1. First and foremost we support our Second Amendment right in that “A well regulated militia being necessary to the security of a free state, the right of the people to keep and bear arms shall not be infringed”.

2. We support State and Local School Boards in their efforts to establish security protocols in whatever manner and form that they deem necessary and adequate. One of the great strengths of our Republic is that State and Local governments can be creative in solving problems. Things that work can be shared. Our point is that no one knows what will work and there is no one single solution, so let’s allow the State and Local governments with the input of the citizens to make the decisions. Most recently the Cleburne Independent School District will become the first district in North Texas to consider allowing some teachers to carry concealed guns.

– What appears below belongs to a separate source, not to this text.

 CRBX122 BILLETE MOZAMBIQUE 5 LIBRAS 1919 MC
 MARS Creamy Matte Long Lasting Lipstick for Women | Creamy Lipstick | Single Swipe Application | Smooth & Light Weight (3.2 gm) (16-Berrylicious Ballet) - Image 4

We do not opine as to the appropriateness of this decision, but we do support their right to make this decision for themselves.

3. We recommend that Assisted Outpatient Treatment (AOT) laws be passed in every State. AOT is formerly known as Involuntary Outpatient Commitment (IOC) and allows the courts to order certain individuals with mental disorders to comply with treatment while living in the community. In each of the mass shooting incidents the perpetrator was mentally unstable. We also believe that people who have been adjudicated as incompetent should be simultaneously examined to determine whether they should be allowed the right to retain/purchase firearms.

4. We support the return of firearm safety programs to schools along the lines of the successful “Eddie the Eagle” program, which can be taught in schools by Peace Officers or other trained professionals.

5. Recent social psychology research clearly indicates that there is a direct relationship between gratuitously violent movies/video games and desensitization to real violence and increased aggressive behavior particularly in children and young adults (See Nicholas L. Carnagey, et al. 2007. “The effect of video game violence on physiological desensitization to real-life violence” and the references therein. Journal of Experimental Social Psychology 43:489-496). Therefore, we strongly recommend that gratuitous violence in movies and video games be discouraged. War and war-like behavior should not be glorified. Hollywood and video game producers are exploiting something they know nothing about. General Sherman famously said “War is Hell!” Leave war to the Professionals. War is not a game and should not be “sold” as entertainment to our children.

6. We support repeal of the Gun-Free School Zones Act of 1990. This may sound counter-intuitive, but it obviously isn’t working. It is our opinion that “Gun-Free Zones” anywhere are too tempting of an environment for the mentally disturbed individual to inflict their brand of horror with little fear of interference. While governmental and non-governmental organizations, businesses, and individuals should be free to implement a Gun-Free Zone if they so choose, they should also assume Tort liability for that decision.

7. We believe that border states should take responsibility for implementation of border control laws to prevent illegal shipments of firearms and drugs. Drugs have been illegal in this country for a long, long time yet the Federal Government manages to seize only an estimated 10% of this contraband at our borders. Given this dismal performance record that is misguided and inept (“Fast and Furious”), we believe that border States will be far more competent at this mission.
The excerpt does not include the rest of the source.